Comparison of COD-dipp ncMAPs with the literature
To assess the performance of our COD-dipp method, we conducted a comparison with the results of peptide-PRISME by Erhard and colleagues 2020 (49). Our comparison was based on three common studies (1, 14, 34) and resulted in 3,453 at 1% FDR from COD-dipp along with 4,576 ncMAPs at 10% FDR from Erhard and colleagues. We first aligned Erhard and colleagues’ ncMAPs to the human proteome and eliminated a small fraction (1.4%) that matched the canonical protein sequences (Fig. 4A, left-hand side). Because the COD-dipp ncMAPs were restricted to the 3FT of protein-coding genes, we aligned the remaining ncMAPs from Erhard and colleagues to the same 3FT database for comparison purposes. Fig. 4A (left-hand side) shows that 68.25% of ncMAPs were successfully mapped to the 3FT database. The rest (30.35%) that did not align to any of the human proteome or the 3FT database are shown in yellow on Fig. 4A left-hand side. This unmapped fraction consisted of ncMAPs from regions of the genome not studied herein, such as intergenic regions, antisense translation, etc. The successfully mapped fraction to the 3FT database (navy) of 3,123 ncMAPs along with 3,453 ncMAPs from COD-dipp were then compared, as shown in Fig. 4A right-hand side (see Supplementary Table S4). peptide-PRISME shared 38% (1,197) of its ncMAPs (intersection) with COD-dipp (Fig. 4A right-hand side) and showed 62% (1,926) of exclusive ones. Adjusting the higher FDR used by peptide-PRISME from 10% to 1% increased the shared fraction to 48.9% (Fig. 4B), along with a ∼2.4-fold decrease in total ncMAPs (from 4,576 to 1,916). At an FDR of 1%, COD-dipp identified 2.34 times more exclusive ncMAPs (2,298 vs. 979) from the 3FT of protein-coding genes.
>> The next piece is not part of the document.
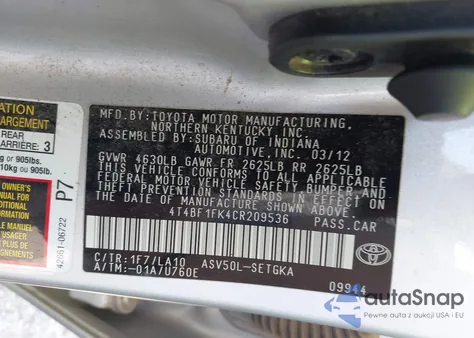 2012 Toyota Camry Xle из США, поврежденный, VIN 4T4BF1FK4CR209536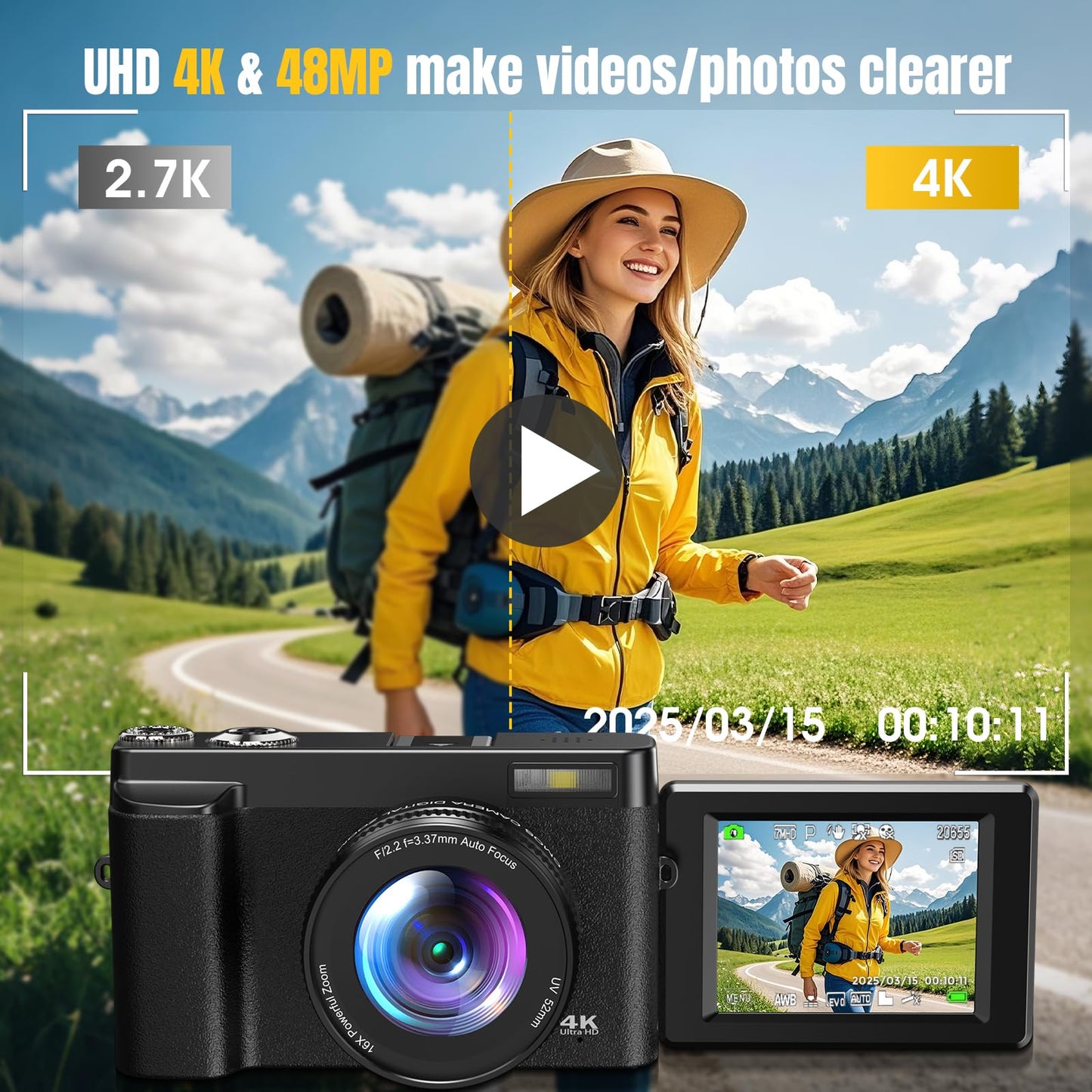 4K Digital Camera for Photography, UHD Autofocus 48MP 180° Flip Screen 16X Zoom Compact Point Shoot Vlogging Camera for YouTube with 2 Batteries, 32GB Card (Black)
Comparison of COD-dipp ncMAPs with other studies. Because the COD-dipp ncMAPs are restricted to the 3-frame translation (3FT) of protein-coding genes, sequences from the literature were aligned to the same 3FT database for comparison purposes. The intersection is based on genomic coordinates to deal with sequences that partially match (i.e., longer, shorter, or partially overlapping). Because the Venn is generated by overlapping genomic coordinates of the ncMAPs, the original counts for each study are listed from left to right (i.e., on the right-hand side of panel C, the notation 29/41 refers to 29 instances for Chong and colleagues 2020 and 41 for COD-dipp). A, Comparison with peptide-PRISM published ncMAPs at a 10% FDR. COD-dipp ncMAPs were restricted to 3 studies in common with Erhard and colleagues 2020. B, Comparison with peptide-PRISM published ncMAPs at a 1% FDR. COD-dipp ncMAPs were restricted to 3 studies in common with Erhard and colleagues 2020. C, Comparison of the atlas of ncMAPs revealed by COD-dipp to 3 previous studies.
Comparison of COD-dipp ncMAPs with other studies. Because the COD-dipp ncMAPs are restricted to the 3-frame translation (3FT) of protein-coding genes, sequences from the literature were aligned to the same 3FT database for comparison purposes. The intersection is based on genomic coordinates to deal with sequences that partially match (i.e., longer, shorter, or partially overlapping). Because the Venn is generated by overlapping genomic coordinates of the ncMAPs, the original counts for each study are listed from left to right (i.e., on the right-hand side of panel C, the notation 29/41 refers to 29 instances for Chong and colleagues 2020 and 41 for COD-dipp). A, Comparison with peptide-PRISM published ncMAPs at a 10% FDR. COD-dipp ncMAPs were restricted to 3 studies in common with Erhard and colleagues 2020. B, Comparison with peptide-PRISM published ncMAPs at a 1% FDR. COD-dipp ncMAPs were restricted to 3 studies in common with Erhard and colleagues 2020. C, Comparison of the atlas of ncMAPs revealed by COD-dipp to 3 previous studies.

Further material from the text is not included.